There are numerous takeaways for ensemble radio and podcast shows.

Collaboration and working as a team transcend conflicts and ego outbreaks. When The Beatles authentically and creatively collaborated, their mutual affection and respect is evident.

In one segment, George Harrison took the time to listen to one of Ringo’s song ideas and then helped him develop it.

  • If you are the host, take the time to listen to ideas from everyone on your team from peripheral players, producers, phone screeners, and interns.

Prime the pump
As a way of stoking their creative juices, The Beatles often launch into impromptu renditions of favorite artists’ songs before working on their own songs for the album. These spontaneous jams create laughter, unity, and focus.
What unites you as a team before starting your show or planning sessions? Here are some thought starters:

  • Listen to a past perfectly executed segment to fire up the team.
  • Play a short, fun improv game to loosen everyone up creatively.
  • Listen or watch a funny bit from a favorite comedian.

Playful and childlike
The Beatles were playful and in the moment, having fun like kids. In one scene they take turns singing On Our Way Back Home with their teeth clinched!

  • Brian Phelps (Mark & Brian) once aptly said, “The way to remain creative is to look at the world through the eyes of a 9-year-old.”

Take a planning tip from The Beatles. The London rooftop concert was a notable example of planned spontaneity. Days of planning went into the performance.

  • As Mark Twain said, “It usually takes me more than three weeks to prepare a good impromptu speech.”

Listen to your show
The Beatles put themselves in the place of the audience by sitting back, listening, and singing along to their finished songs.

  • We recommend talent listen to segments of their show weekly and discuss what worked well and what could have worked better.

Melody first, then tie in the lyrics
The Beatles were all about melody, then they worked the lyrics around the melody. How does that relate to a show?

  • What you say is not as important as how you say it.
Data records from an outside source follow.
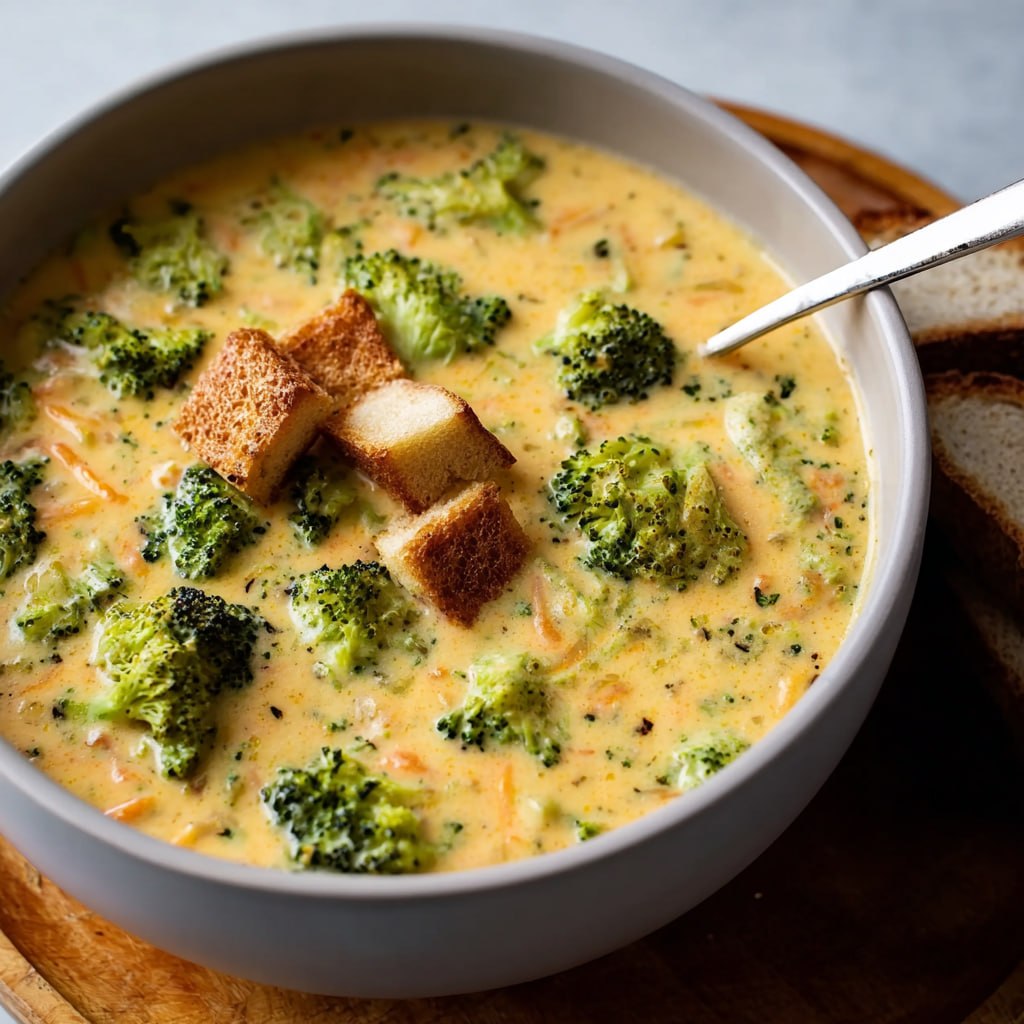 Finished homemade broccoli cheddar soup garnished with cheddar and black pepper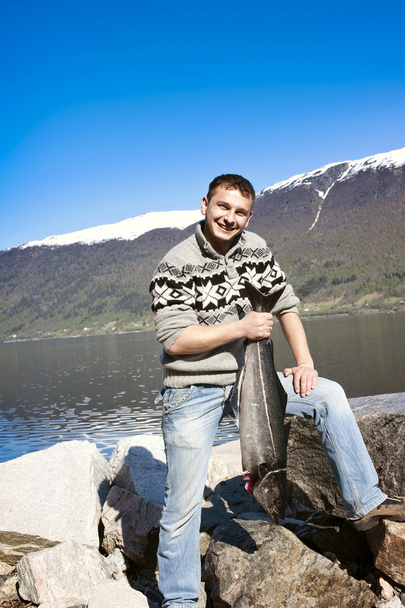 fishermann a losos - Fotografie, Obrázek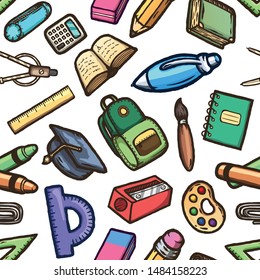 School cartoon doodles seamless pattern on a white background.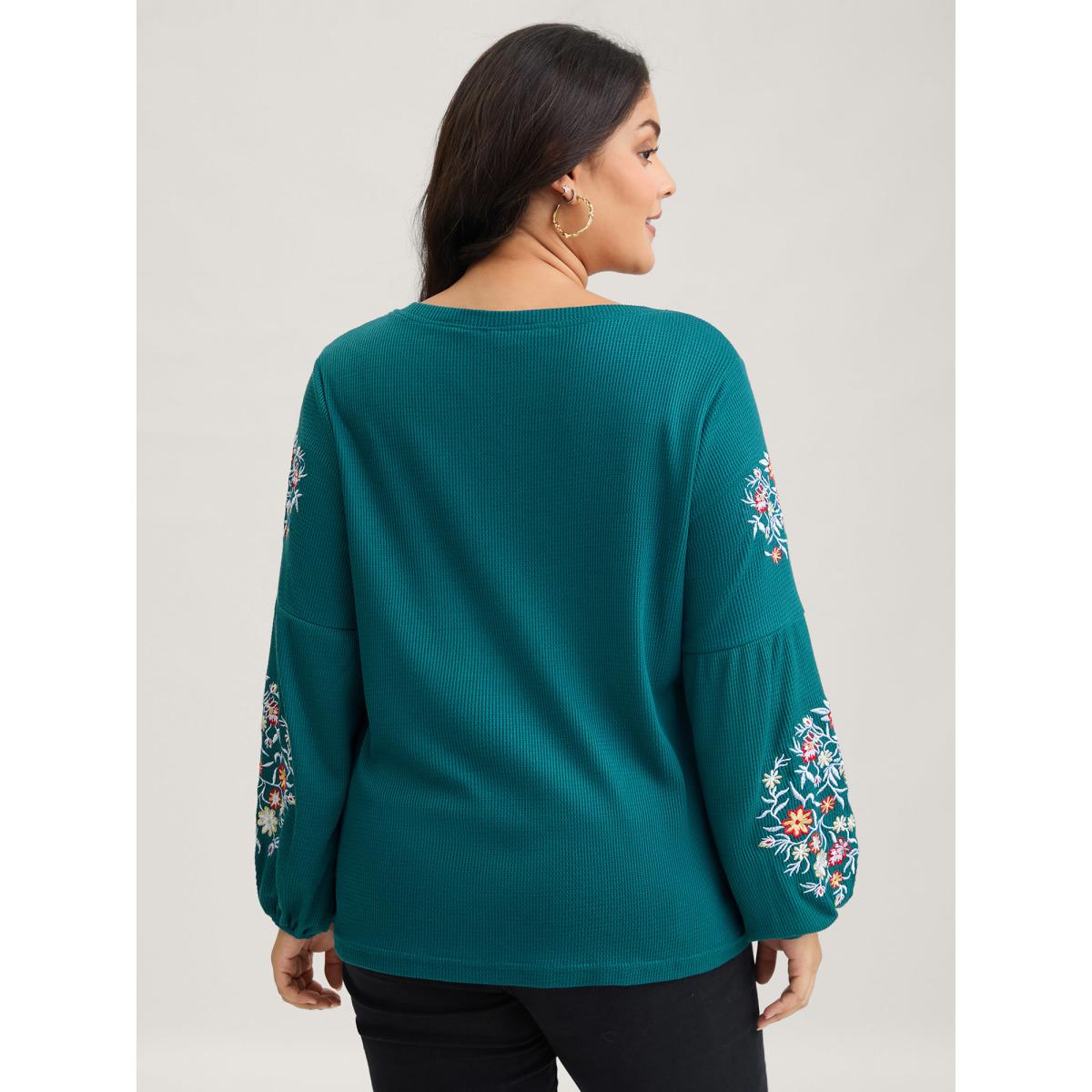 Plus Size Waffle Knit Floral Embroidered Lantern Sleeve T-shirt Cyan Women Leisure Texture Floral Round Neck Casual T-shirts BloomChic 30/6X Product Image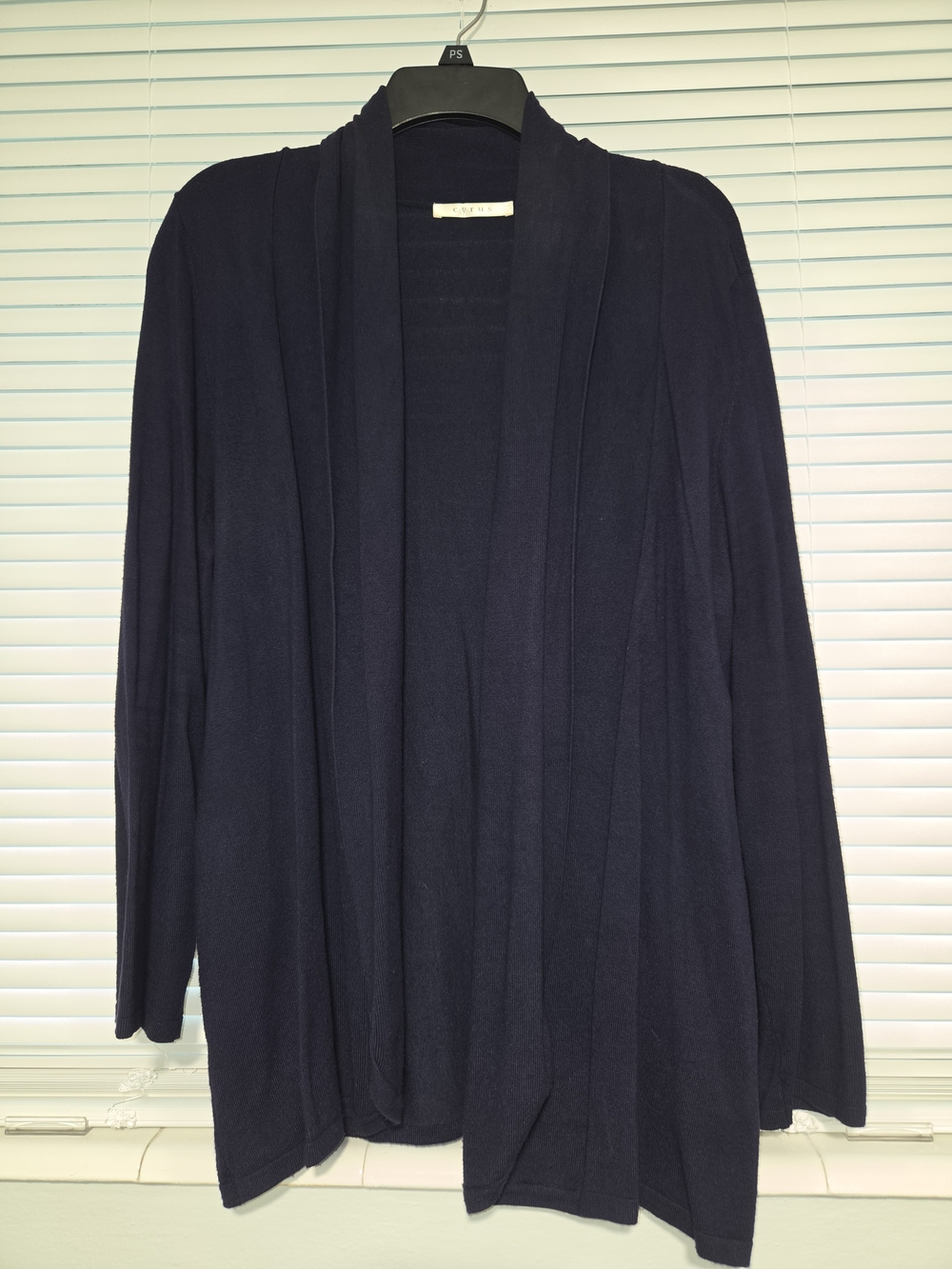 Cyrus Navy Open-Front Lightweight Cardigan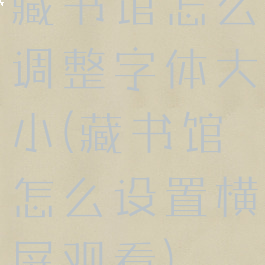 藏书馆怎么调整字体大小(藏书馆怎么设置横屏观看)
Tone and presentation are everything.

When The Beatles got stuck or veered off track, George Martin would reign them in, get them focused, make suggestions, and remind them of deadlines. They were constantly honing, tweaking, and editing lyrics and melodies.

  • The essence of coaching is to unlock the creative potential of talent by asking questions and making suggestions. George Martin and Paul McCartney would soften their recommendations with words like, “it’s a bit…too fast, or “could we try it once this way?”
  • Continue to ask, “What else” can we do to make this segment or bit better, give it more impact?”